Dummy dataframe and train/valuation segmentation:

In [None]:
import numpy as np
import pandas as pd
from sklearn.model_selection import train_test_split

df = pd.read_csv("file_name.csv")
y = df."predictor_col_name"      
exp_rows = ["col_name1", "col_name2", ...]
X = df[exp_rows]
train_X, val_X, train_y, val_y = train_test_split(X, y, random_state = 0)

<b> Chapter 2: Missing Values </b>

Approaches to missing values:
1. Drop columns
2. Imputation (Replace with values: mean, median etc...)
3. Imputation with new binary column suggesting missing value

In [None]:
# Libraries
from sklearn.ensemble import RandomForestRegressor
from sklearn.metrics import mean_absolute_error 
from sklearn.impute import SimpleImputer

# Function returning error size of models
def score_dataset(train_X, val_X, train_y, val_y):
    model = RandomForestRegressor(n_estimators = 10, random_state = 0)
    model.fit(train_X, train_y)
    preds = model.predict(val_X)
    return mean_absolute_error(val_y, preds) # Can replace MAE with other types of error metric

# 1. Dropping columns
cols_with_missing = [col for col in train_X.columns if train_X[col].isnull().any()]
reduced_train_X = train_X.drop(cols_with_missing, axis = 1)
reduced_val_X = val_X.drop(cols_with_missing, axis = 1)

# 2. Imputation
my_imputer = SimpleImputer()
imputed_train_X = pd.DataFrame(my_imputer.fit_transform(train_X))
imputed_val_X = pd.DataFrame(my_imputer.transform(val_X))
imputed_train_X.columns = train_X.columns    # Put back column names
imputed_val_X.columns = val_X.columns

# 3. Imputation with dummy missing column
train_X_plus = train_X.copy()
val_X_plus = val_X.copy()
for col in cols_with_missing:                # For making new dummy columns
    train_X_plus[col + '_was_missing'] = train_X_plus[col].isnull()
    val_X_plus[col + '_was_missing'] = val_X_plus[col].isnull()

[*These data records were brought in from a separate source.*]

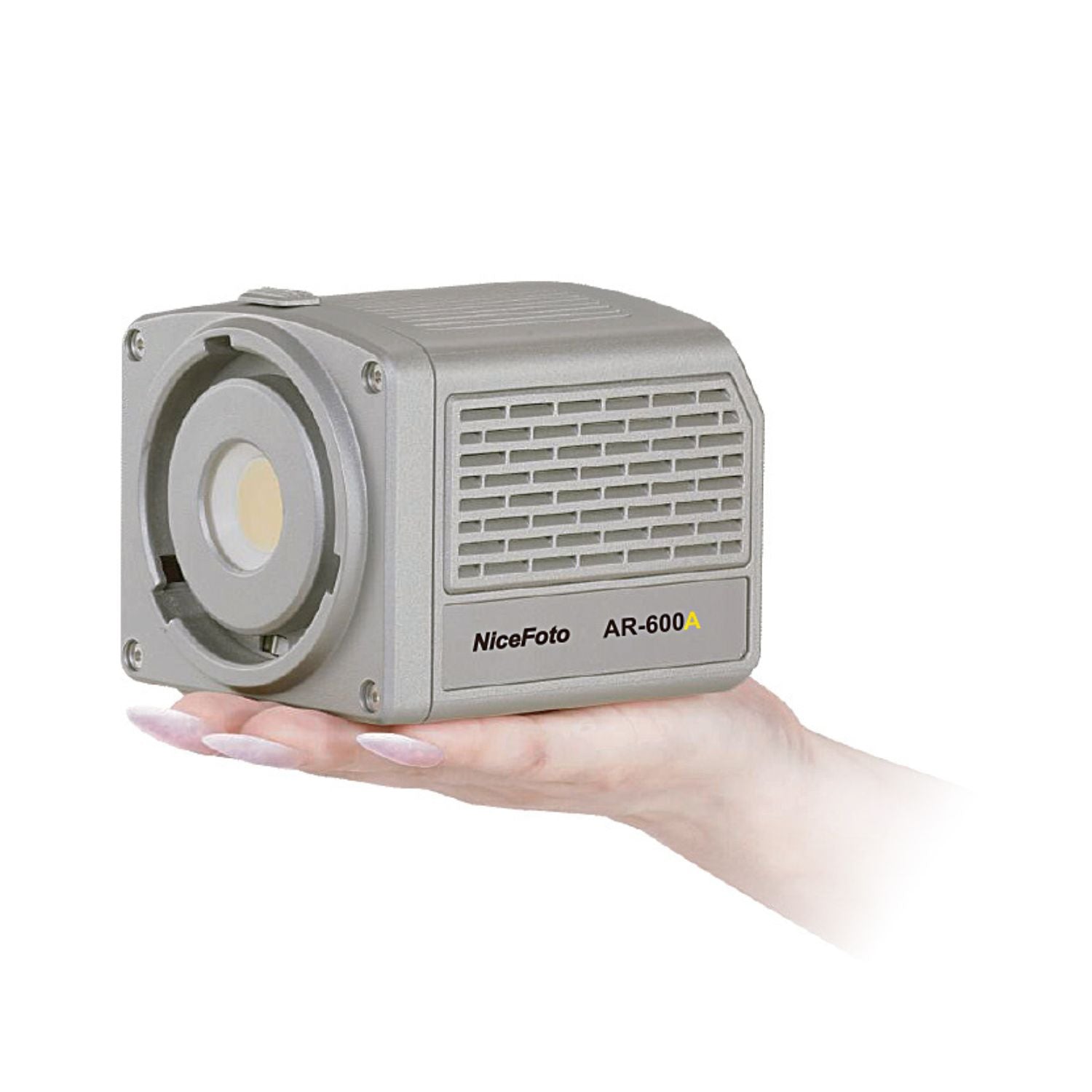 Portable LED video light in light gray housing, held in one hand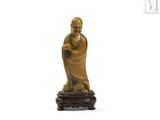une image représentant une statue de moine posée sur un socle en bois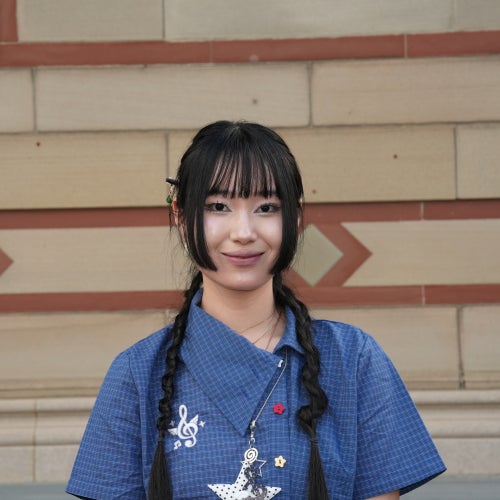 A headshot of a female student with long black hair.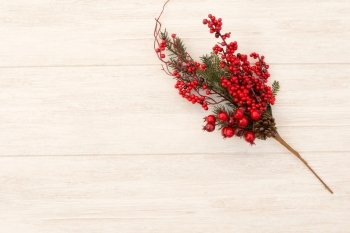 Red fruits on the branch Christmas for decoration on a wooden background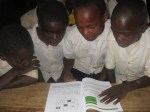 Mkurumuzi 4 pupils reading&nbsp;book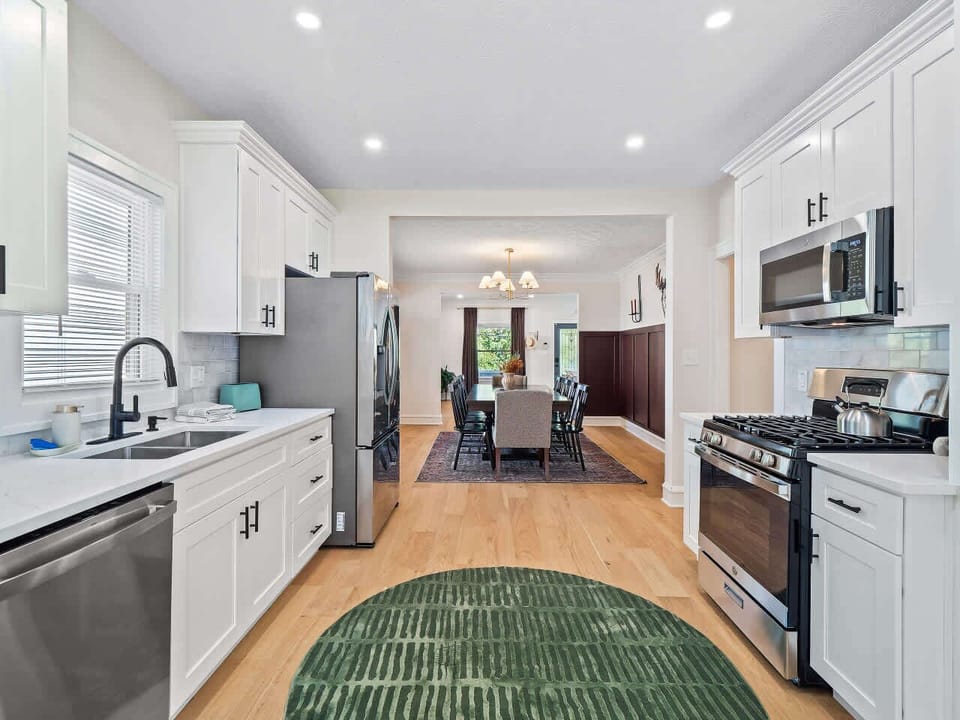 Open kitchen w/ bright white cabinets, long counters, & modern appliances for easy cooking.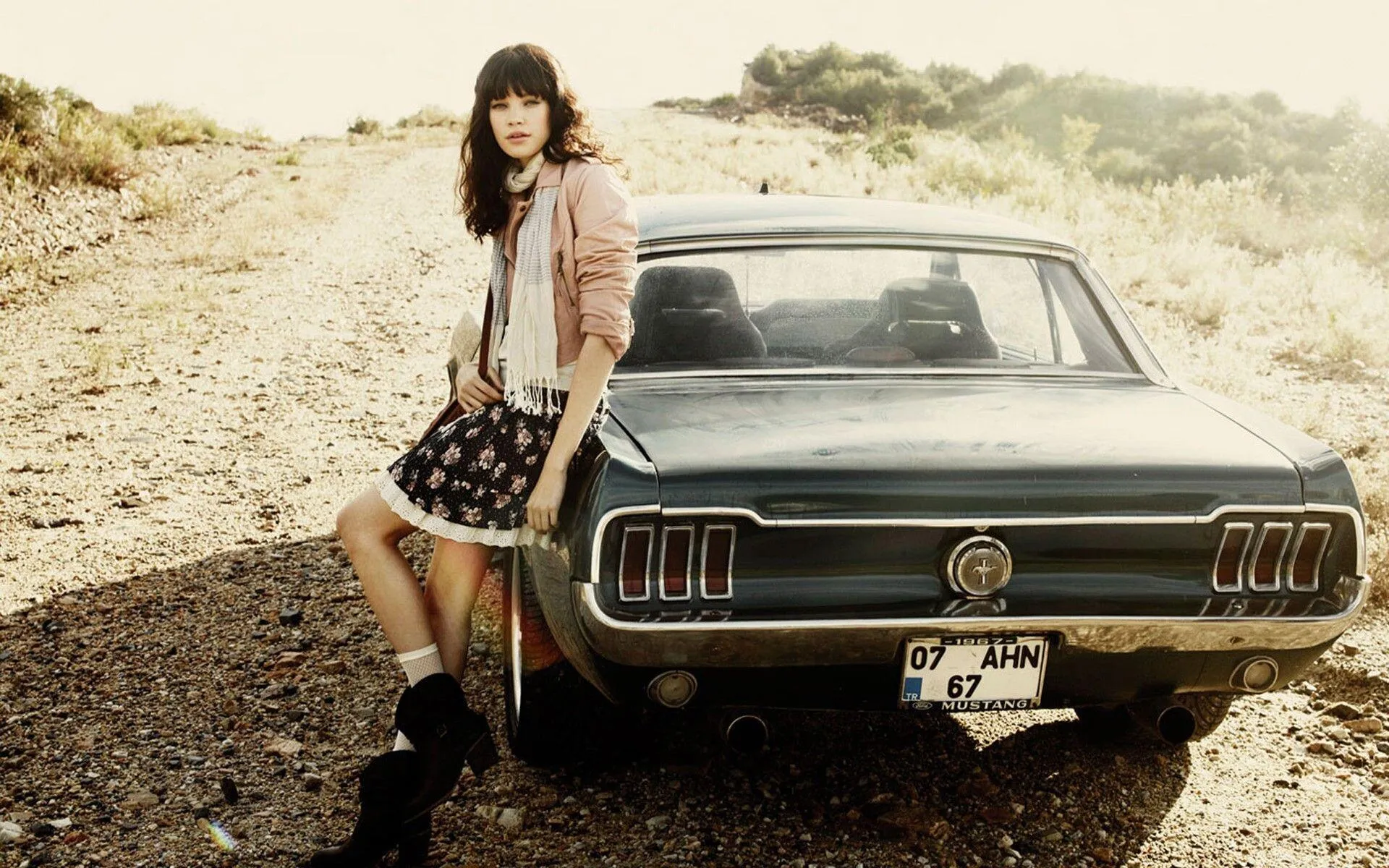 Retro Style Woman Leaning on a Classic Car in the Sunlight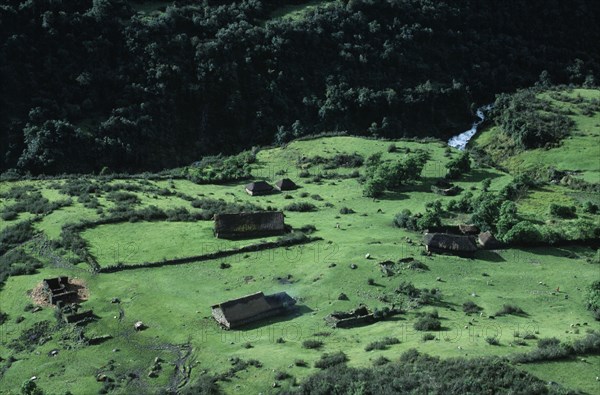PERU, Ayacucho Province, Lijiana, Aerial view over settlement amongst green agricultural landscape next to a fast flowing river with horses and livestock seen on the ground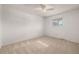 Bright bedroom featuring a ceiling fan and natural light from a window at 9042 E Lehigh Ave, Denver, CO 80237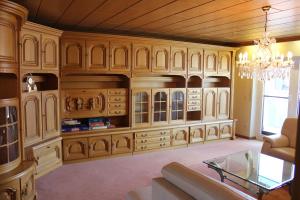 a living room with wooden cabinets and a chandelier at Ferienwohnungen am Playmobilpark in Oberasbach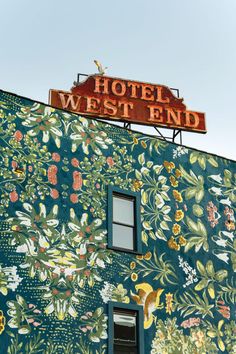 a hotel sign on top of a building with flowers and birds painted on the wall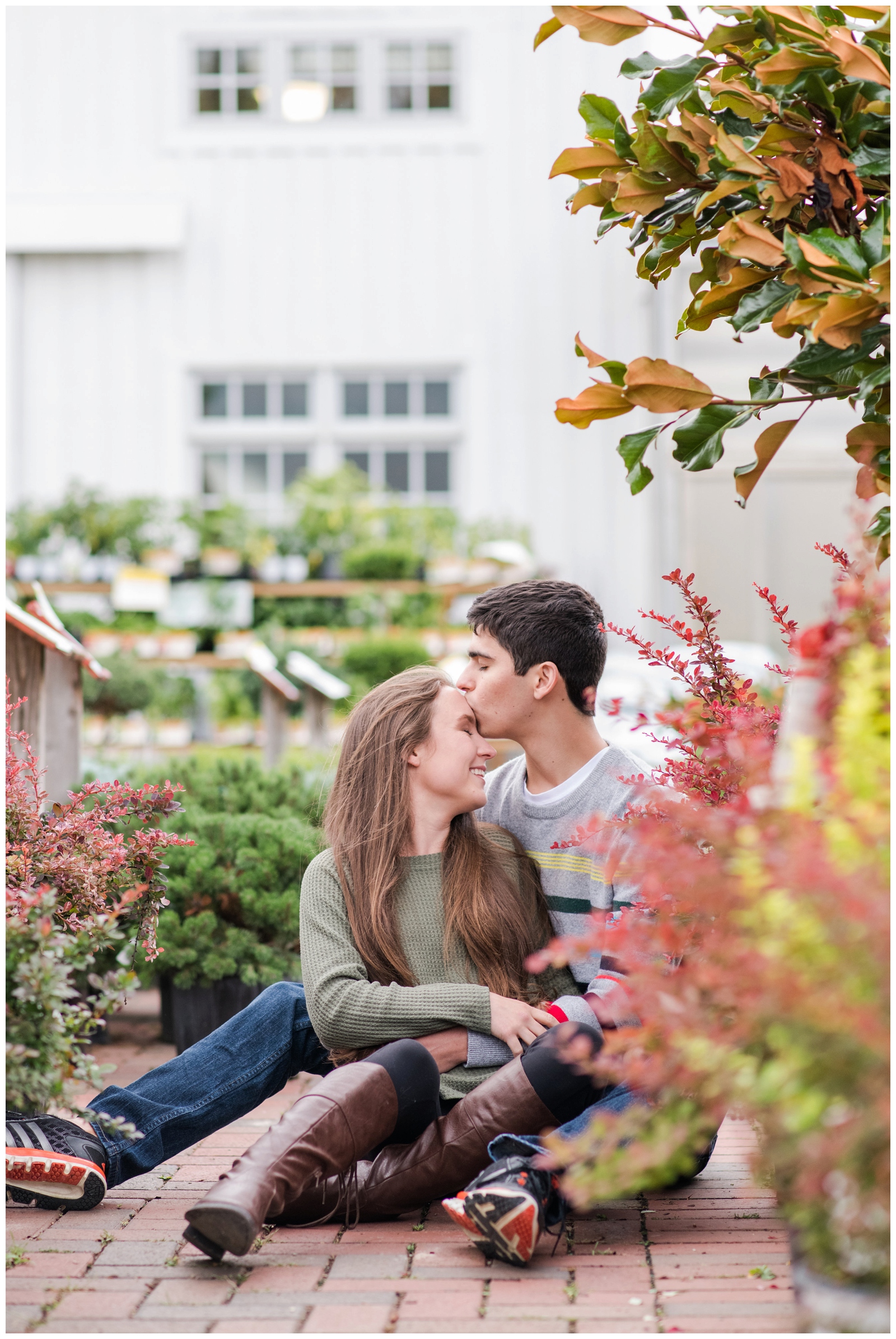 groom kisses bride on the forehead while they sit near red and orange plants during greenhouse inspired engagement session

my_imputer = SimpleImputer()
imputed_train_X_plus = pd.DataFrame(my_imputer.fit_transform(train_X_plus))
imputed_val_X_plus = pd.DataFrame(my_imputer.transform(val_X_plus))
imputed_train_X_plus.columns = train_X_plus.columns
imputed_val_X_plus.columns = val_X_plus.columns

<b> Chapter 3: Categorical Variables </b>

Approaches to categorical variables:
1. Drop variables
2. Ordinal encoding
3. One-Hot encoding (n binary cols for n categories)

In [None]:
# Libraries
from sklearn.preprocessing import OrdinalEncoder
from sklearn.preprocessing import OneHotEncoder

# Get list of categorical variables
object_cols = [col for col in train_X.columns if train_X[col].dtype == "object"]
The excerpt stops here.